Stack visualization:

duparray [1, 2, 3]:
┌──────────────────┐
│  [1, 2, 3] (dup) │ ← top
└──────────────────┘

Why duplication?

Like strings, arrays are mutable. Each array literal in the source code should produce a distinct array object:

arr = [1, 2, 3]
arr << 4           # Doesn't affect other [1,2,3] literals

Limitation:

Only works for arrays with compile-time known elements. Dynamic arrays require different instructions:

[1, 2, 3]        # duparray
[1, x, 3]        # newarray (different instruction)

duphash - Duplicating Hashes

The duphash instruction mirrors duparray but for hash literals.

Pseudocode:

# instruction: duphash hash
stack.push(hash.dup)

Example:

$ ruby --dump=insns -e '{a: 1, b: 2}'
# => duphash {a: 1, b: 2}

Stack visualization:

duphash {a: 1, b: 2}:
┌─────────────────────┐
│ {a:1, b:2} (dup)    │ ← top
└─────────────────────┘

Characteristics:

• Duplicates the hash on each execution
• Keys and values must be compile-time known
• Maintains hash insertion order (Ruby 1.9+)

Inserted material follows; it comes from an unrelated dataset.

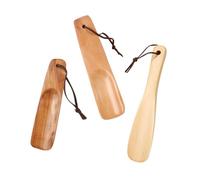 MOKKHNB 3pcs Shoehorn Shoe Helpers Good Design Premium Wood Material Help You Put on Shoes Easily for Home Use Assorted Color Sizes 15.2cm 16cm 19.2cm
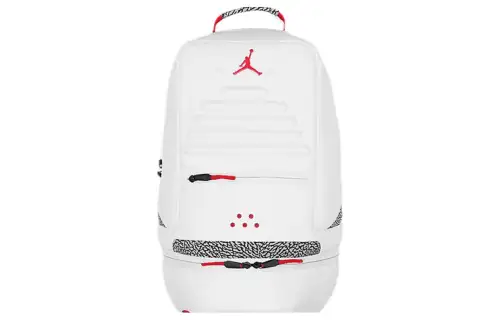 Jordan Air Jordan 3 Fabric Basketball Bag Backpack Unisex White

Instruction Design Patterns

These instructions reveal important YARV design principles:

1. Immutable vs Mutable

• Immutable objects (numbers, symbols, nil): putobject
• Mutable objects (strings, arrays, hashes): dup* instructions

2. Optimization Opportunities

• Specialized instructions for common cases
• Reduced operand encoding for frequent values
• Frozen string literals avoid duplication overhead

3. Stack as Communication

• Instructions communicate through the stack data structure
• Subsequent instructions consume values left by previous ones
• The stack top always contains the most recent result

Instruction Operands

Instructions can have operands - additional data that parameterizes the operation:

putobject 42
  ^         ^
  |         |
  |         +-- Operand (the object to push)
  +-- Instruction

Operands are encoded in the bytecode and decoded during execution.